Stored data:
= Beginning of Section =

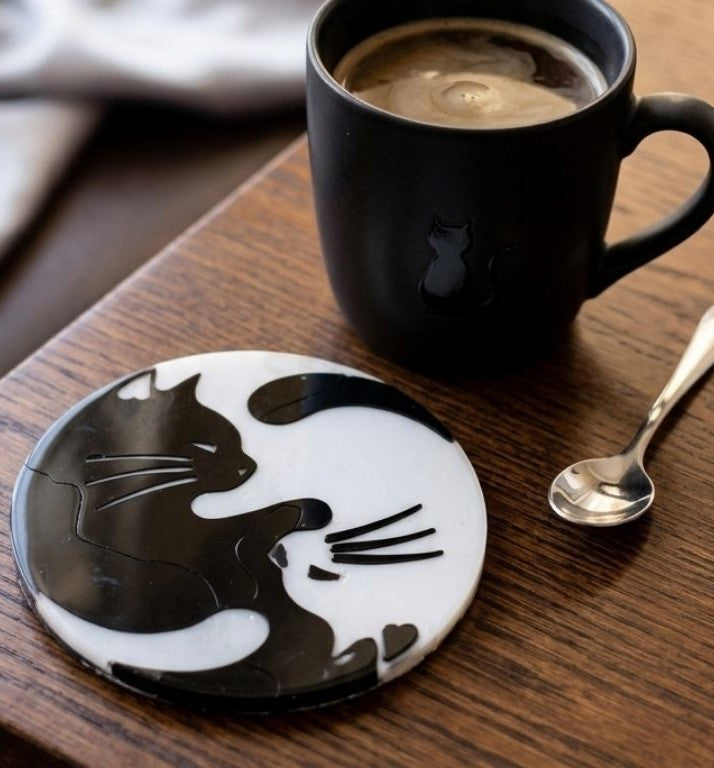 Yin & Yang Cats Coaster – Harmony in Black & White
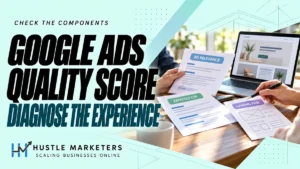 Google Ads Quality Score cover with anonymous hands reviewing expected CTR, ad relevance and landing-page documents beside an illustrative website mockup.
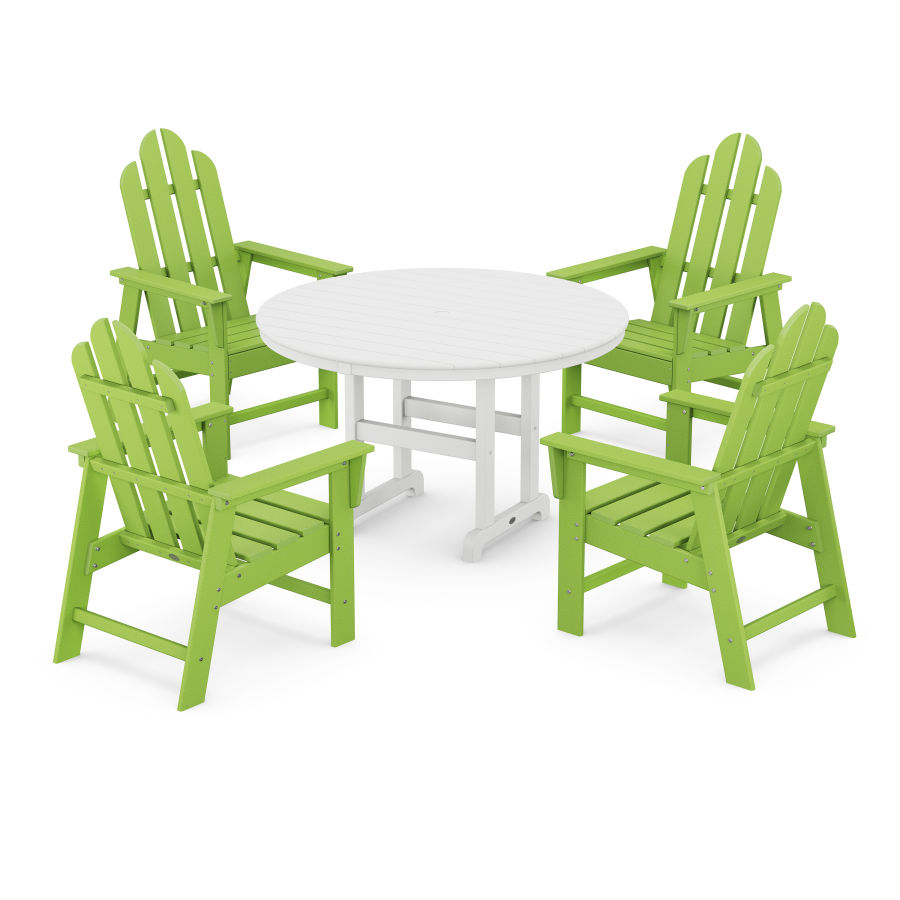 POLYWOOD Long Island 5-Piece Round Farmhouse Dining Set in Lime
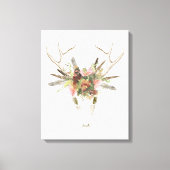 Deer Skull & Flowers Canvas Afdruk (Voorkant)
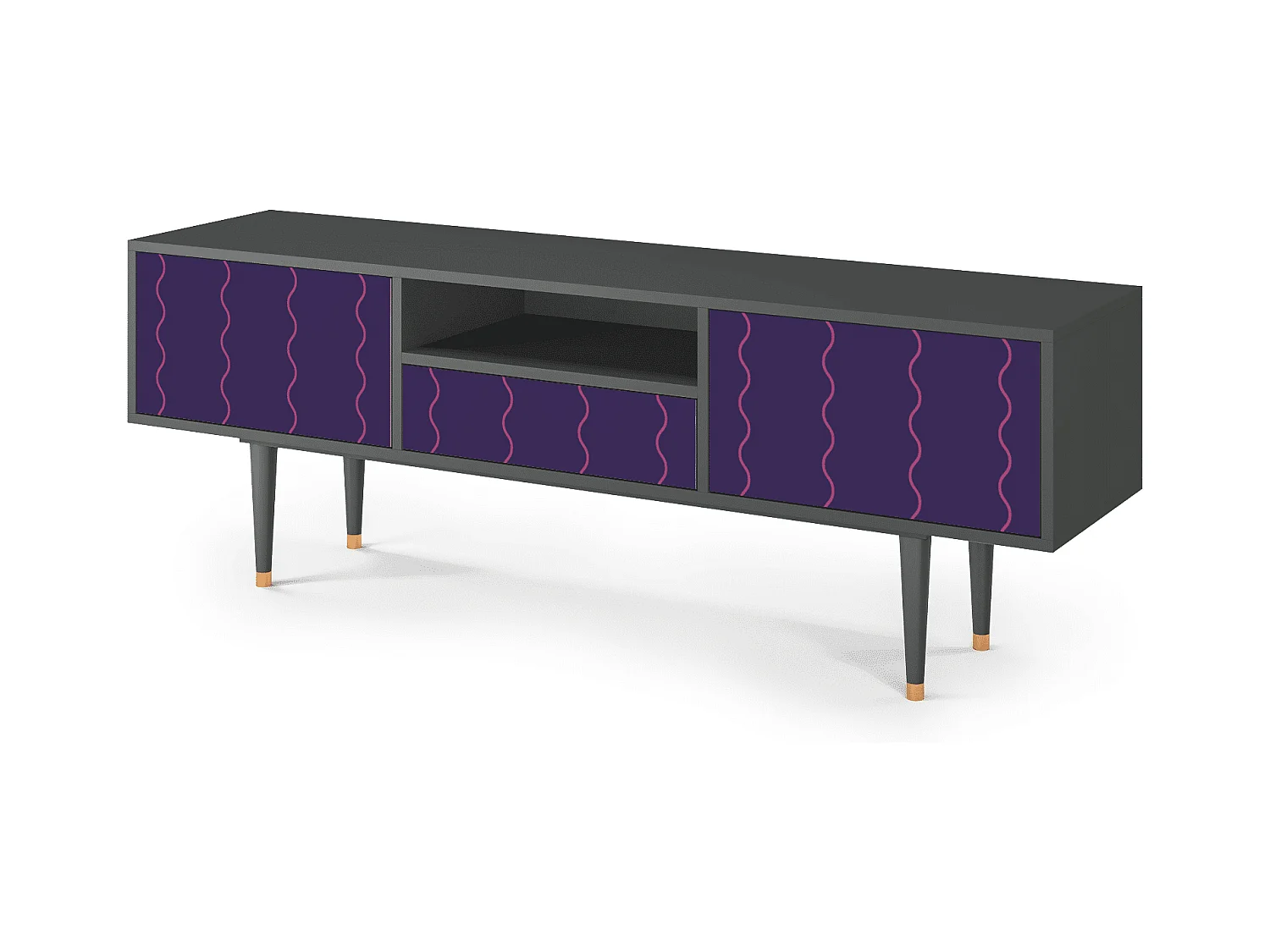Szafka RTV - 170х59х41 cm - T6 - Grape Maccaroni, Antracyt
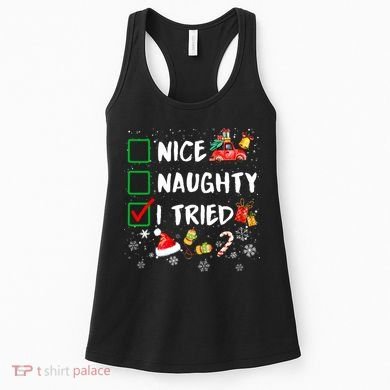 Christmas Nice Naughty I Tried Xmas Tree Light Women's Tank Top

= End of Section =

**Exercise prompt**
Verbatim copy with pictures excluded: write out the records above in full.

**The answer**
 Yin & Yang Cats Coaster – Harmony in Black & White
 Google Ads Quality Score cover with anonymous hands reviewing expected CTR, ad relevance and landing-page documents beside an illustrative website mockup.
 POLYWOOD Long Island 5-Piece Round Farmhouse Dining Set in Lime
 Deer Skull & Flowers Canvas Afdruk (Voorkant)
Szafka RTV - 170х59х41 cm - T6 - Grape Maccaroni, Antracyt
 Christmas Nice Naughty I Tried Xmas Tree Light Women's Tank Top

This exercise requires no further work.